-- PROVIDED RECORDS --
◇ ◇ ◇ ◇ ◇ ◇ ◇

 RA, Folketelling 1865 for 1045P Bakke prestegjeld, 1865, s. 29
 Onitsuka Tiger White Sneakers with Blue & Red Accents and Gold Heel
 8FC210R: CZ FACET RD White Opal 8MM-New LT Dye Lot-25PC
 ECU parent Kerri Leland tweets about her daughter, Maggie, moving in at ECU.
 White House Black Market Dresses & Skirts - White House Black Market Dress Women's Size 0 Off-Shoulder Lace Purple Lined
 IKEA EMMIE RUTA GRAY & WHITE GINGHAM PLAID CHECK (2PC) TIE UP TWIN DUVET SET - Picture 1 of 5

◇ ◇ ◇ ◇ ◇ ◇ ◇

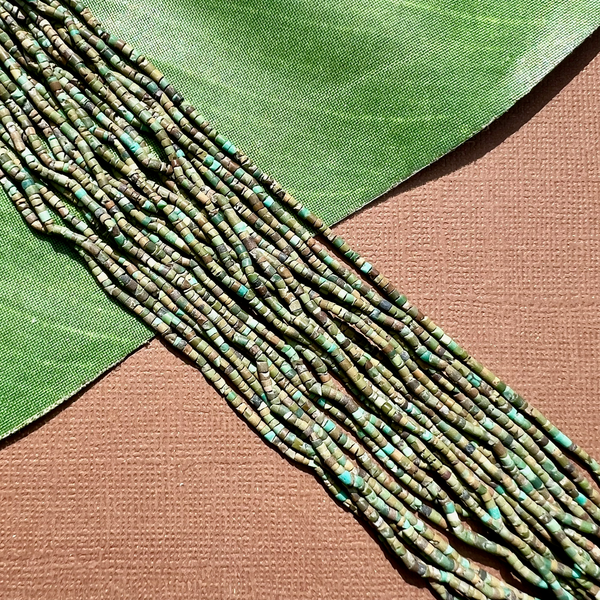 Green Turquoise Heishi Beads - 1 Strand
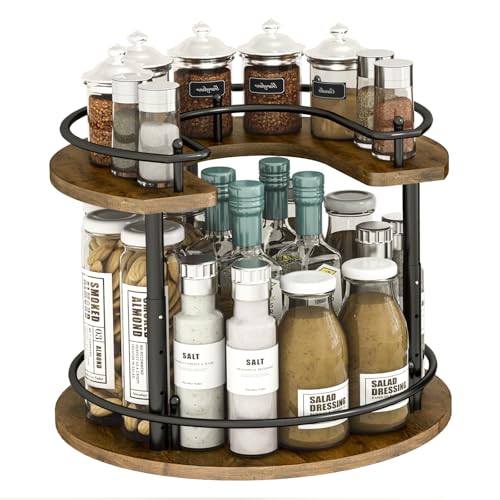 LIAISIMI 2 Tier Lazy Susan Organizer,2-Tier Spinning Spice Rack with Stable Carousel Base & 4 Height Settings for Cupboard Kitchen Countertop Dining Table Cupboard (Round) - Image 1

◇ ◇ ◇ ◇ ◇ ◇ ◇

-- DIRECTIONS FOR THIS TASK --
Take from the material above the lines running from the one with "White House Black Market Dresses" through the one with "IKEA EMMIE RUTA", and repeat them exactly, with nothing else.

-- RESULT --
 White House Black Market Dresses & Skirts - White House Black Market Dress Women's Size 0 Off-Shoulder Lace Purple Lined
 IKEA EMMIE RUTA GRAY & WHITE GINGHAM PLAID CHECK (2PC) TIE UP TWIN DUVET SET - Picture 1 of 5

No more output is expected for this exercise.